Policies Affecting Nursing Homes
Several policies affect care coordination in nursing homes. One of them is the Health Insurance Portability and Accountability Act (HIPAA). HIPAA is a policy that was implemented in the USA to ensure the safe use of health information technologies. The policy ensures organizational accountability in the promotion of data integrity. The policy holds nursing homes accountable for integrity of their patients’ data. As a result, they have to ensure privacy and confidentiality of the data of their patients. The Affordable Care Act is the other policy that affect care coordination in nursing homes. The Affordable Care Act was adopted in the USA with the aim of enhancing patient access to high quality, affordability, and availability of care. The act aims at ensuring equity in the access and utilization of healthcare services by the majority of the Americans. The act expanded the American population with health insurance coverage. The adoption of the ACA has enhanced care coordination in nursing homes by eliminating barriers to care such as cost and availability of healthcare providers to offer patients high quality care. Medicaid and Medicare are the other policies that affect care coordination in nursing homes. The policies influence the financing of healthcare organizations involved in the coordination of care. Medicare is one of the largest insurance provider to most than 40 million people in America. Medicare an Medicaid improve coordination of care by enhancing the affordability and access to care by the population irrespective of their backgrounds. They also minimize disease burden and eliminate barriers to access to healthcare due to influence of aspects such as cost and availability of care. Therefore, Medicare and Medicaid enhance care coordination by increasing the affordability of care given by the multidisciplinary teams (Dang & Dearholt, 2018).
National, State, and Local Policies Raising Ethical Questions for Care Coordination
Some national, state, and local policies raise ethical questions for care coordination. One of them is HIPAA provisions. As noted initially, HIPAA was established to ensure data integrity in healthcare. It safeguards the confidentiality and privacy of patient data. HIPAA provisions however raise ethical questions related to data integrity in the care coordination process. Healthcare providers involved in care coordination share patient data to make sound decisions on the care needed. The sharing of patient data raises concerns about its privacy and confidentiality. Patients should be assured that the sharing of private and confidential data will not be accessed by unauthorized parties in the care process. The other policy that raises ethical questions for care coordination is the Affordable Care Act. The Affordable Care Act was adopted with the main aim of increasing the proportion of the American population with medical insurance coverage.
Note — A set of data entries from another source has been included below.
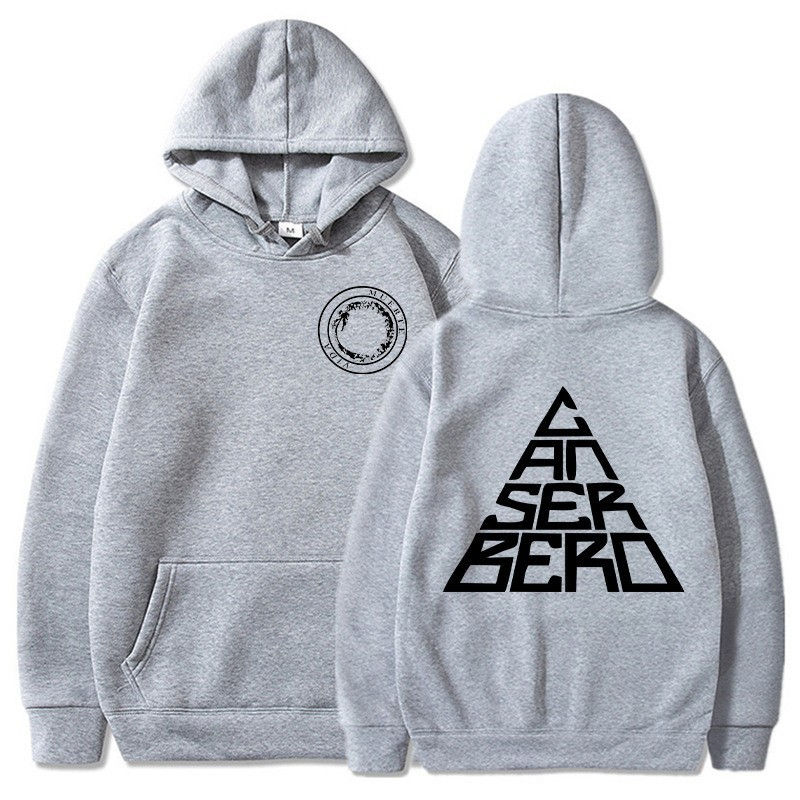 Miniatyrbild: FAFAKKTORY Casual Street Hoodie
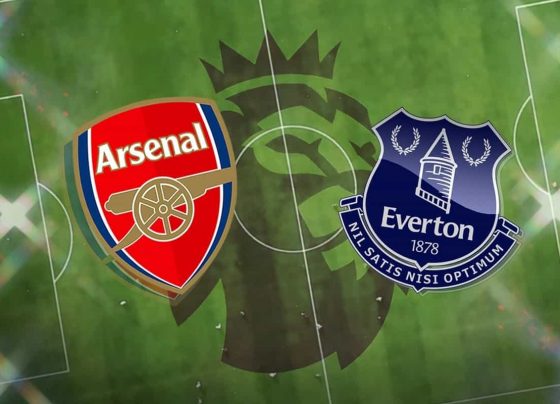 English Premier League : Arsenal vs Everton Live Score, ARS VS EVE, Dream Team 11, Prediction, Online Channel, Live streaming and updates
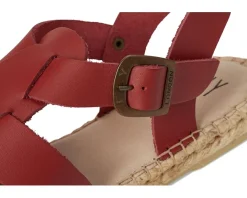 FLY LONDON SOWA551FLY Intense Rust Online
The increase in the population with medical insurance was anticipated to result in enhanced access to healthcare, including care coordination. Through it, the act could have address barriers to healthcare attributed to affordability and availability of healthcare services. The act has however undergone changes that have increased the requirements to be met by the majority of the poor population in America. The revisions in the act continually make it difficult for the poor to benefit from its provisions. The other issue that raises ethical questions for care coordination is healthcare access by ethnic minority populations in the USA. Accordingly, significant disparities in access to healthcare services exist in the USA due to effect of race/ethnicity. Ethnic minority groups such as African Americans experience challenges in accessing their needed care due to socioeconomic factors. Inequalities in healthcare access by ethnic minorities raises ethical concerns related to the population’s right to accessing and utilizing healthcare services. The American population has the right to access coordinated care. However, effect of factors such as ethnicity and socioeconomic status raises concerns about the role of government in enhancing equity in access to healthcare services.
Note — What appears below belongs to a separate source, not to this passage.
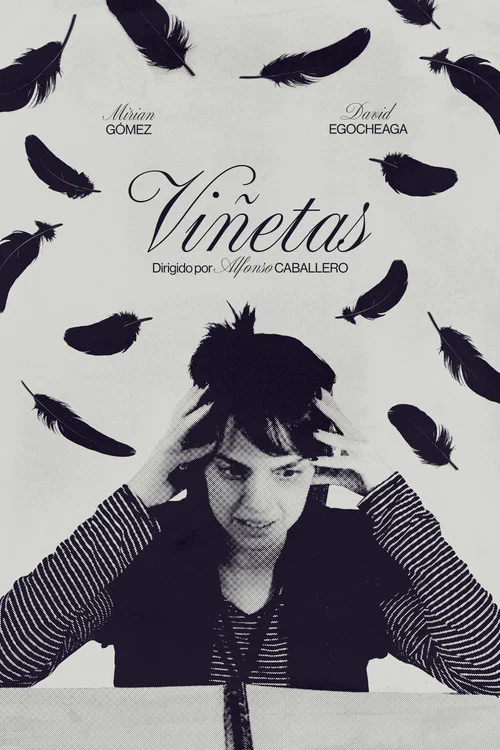 Movie poster for Viñetas (2026)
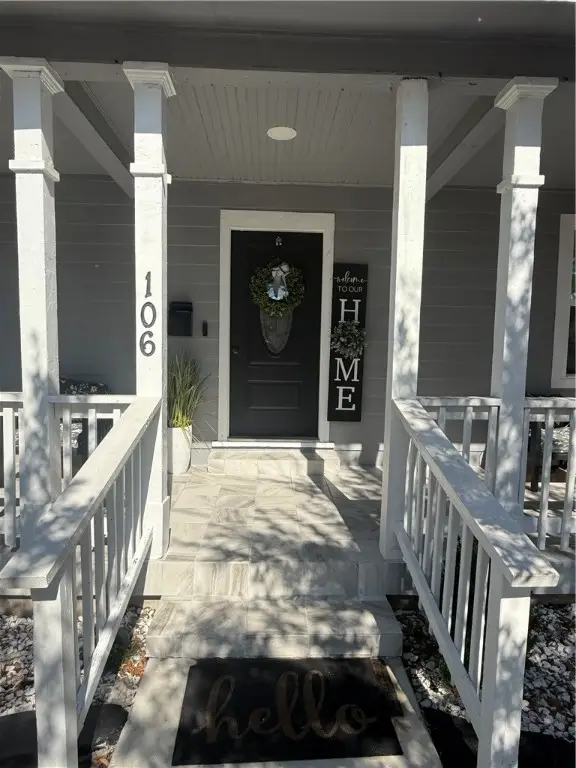 106 Adams Drive, Corpus Christi, TX 78415 - Image #3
Impact of Nurses’ Code of Ethics on Care Coordination
The nurses’ code of ethics affects care coordination and continuum of care. One of the ways in which it affects care coordination and continuum of care is that they promote ethical decision making. The code of ethics inform nurses to make decisions that align with their professional roles and obligations. They ensure the adopted decisions minimize patient harm and optimize outcomes. The code of ethics also strengthens patient-centeredness in care coordination and continuum of care. Accordingly, it raises the level of awareness among nurses on their roles in ensuring holism in the patient care process. The ethics enable nurses to prioritize both the actual and potential health needs of their patients. They also enhance the adoption of interventions that empower patients take responsibility for their health, hence, patient-centeredness in the care process. Nurses’ code of ethics also influence care coordination by ensuring that the adopted decisions protect the patients’ rights. Nurses involved in care coordination ensure that the rights of patients to safe, efficient, and high quality care are protected in the care process. The code of ethics also strengthen professionalism, responsibility and accountability in care coordination and continuum. Nurses involved in care coordination ensure that the care given to the patients align with the professional standards and regulations in nursing, hence, the realization of the desired goals of care in care coordination.
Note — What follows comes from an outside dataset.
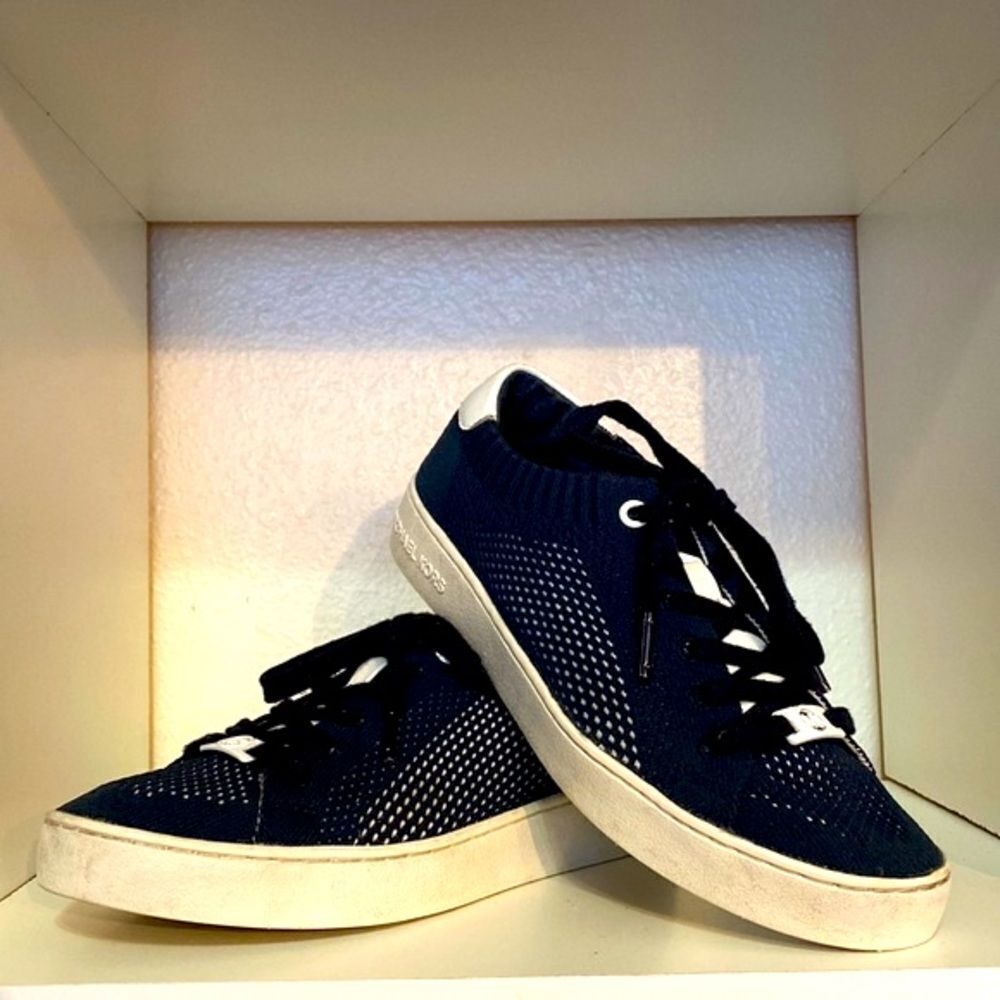 MICHAEL Michael Kors Women’s Skyler Lace Up Sneakers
Factors Contributing to Health, Health Disparities, and Access to Services
Several factors contribute to health, health disparities and access to healthcare services. One of the factors is poverty. Poverty affects health, access to healthcare services, and acts as a source of health disparities. Poverty affects the population’s ability to access and afford their needed care due to cost constraints. As a result, they are increasingly predisposed to poor health outcomes. The other factor is the level of education. Highly educated people have access to better employment opportunities and remuneration. They also have a high level of awareness about their health needs. The level of education determines population’s health through aspects such as access and affordability of healthcare services. The other factor is insurance coverage. Medical insurance coverage reduces the costs incurred in the care process. It also enhances access to healthcare services since patients do not incur out-of-pocket spending in seeking their needed care. Therefore, lack of medical insurance limits access to high quality care by the population (Serchen et al., 2021). Geographical location is another determinant of health and access to services. The effect can be seen from the fact that rural residents experience challenges in accessing their needed high quality care and specialists due to their distance from centralized healthcare services.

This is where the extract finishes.